And I say it nicely.

And well, you can guess how that goes.

People think I'm far more flexible than I am based on what they tell me to do to myself.

If you're my friend and you start going on and on about how a teacher sucks and I don't think so, I can assure you already know that I will stop you and tell you why I back the teacher if I do.  Or if I think the issue is your kid.... I'm not exactly shy about it.  I'm polite, but I do speak up. 

I blow my horn at U-Turners.  They think I'm #1!

But I have to say, I was a little surprised how defensive some parents could be.

My favorite part was to stumble onto some online boards where they were trashing me about trashing people online (gotta love the irony).  I don't remember saying anything about specific people.... I do think a lot of people saw themselves in the blog and took offense.

I get it, as parents, we screw up.

But the whole flipping point of the blog was I like CCtSD and I'm tired of people trashing them.  Especially the people who have no idea what they are talking about.
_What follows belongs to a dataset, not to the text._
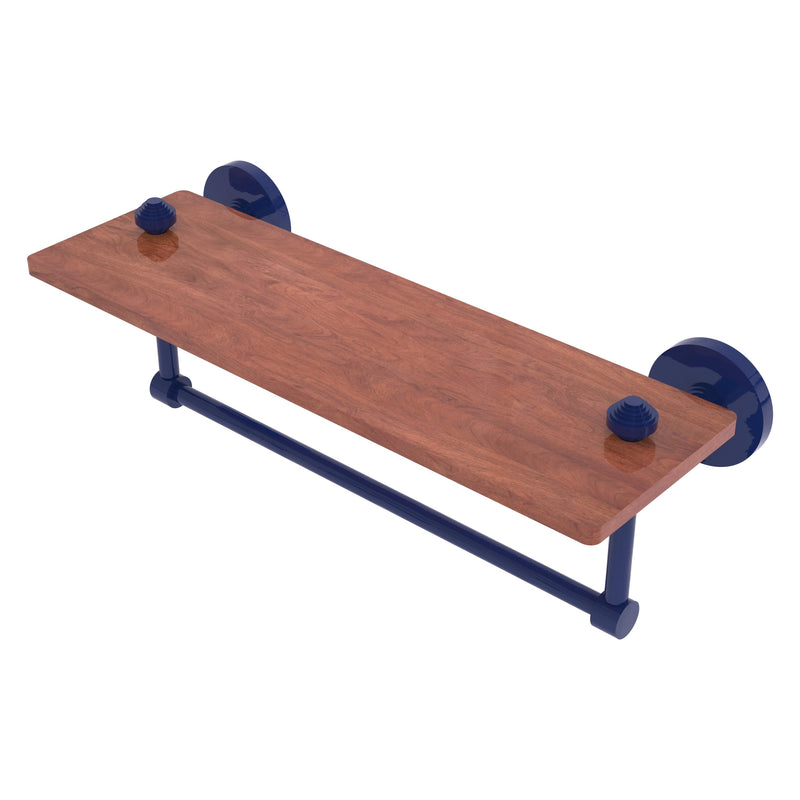 South Beach Collection Solid IPE Ironwood Shelf with Integrated Towel Bar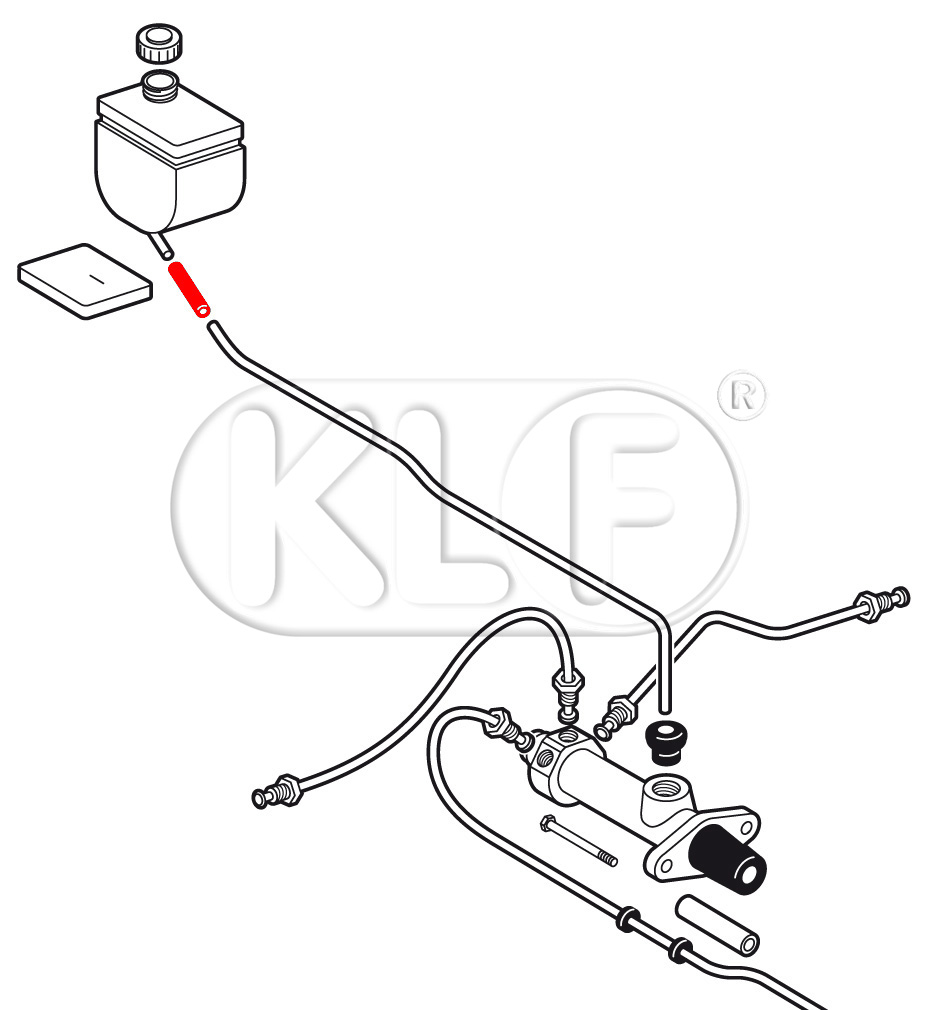 Brake Hose between Master Cylinder and Brake Fluid Reservoir 4,5mm inner diameter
I think in spite of the ridiculous obstacles they are forced to overcome, my kids are having not just a good experience, but a GREAT experience.

My friend moved here from NY 2 years ago and asked me my honest opinion before she moved.  I said there are issues but if you're engaged and stay engaged, there are some exciting programs.  For elementary schools, it's hit or miss.  I wish that wasn't the case, but it's true.  I also told her the district was fairly flexible about moving schools.  They moved and her kids are in a fantastic elementary school.  When her mother, a retired principal visited and volunteered at the school, she was amazed at the GATE program and the school over all.  I know she came in with doubts-- she was honestly impressed.  My mom,  a retired teacher, spent time volunteering in my kids' kindergarten classroom (the one with the alleged 'lazy' teacher-- who is one of the most amazing teachers ever).  She told me that she only wished her school had had the staff.  The teacher was the type of teacher she had dreamed of being.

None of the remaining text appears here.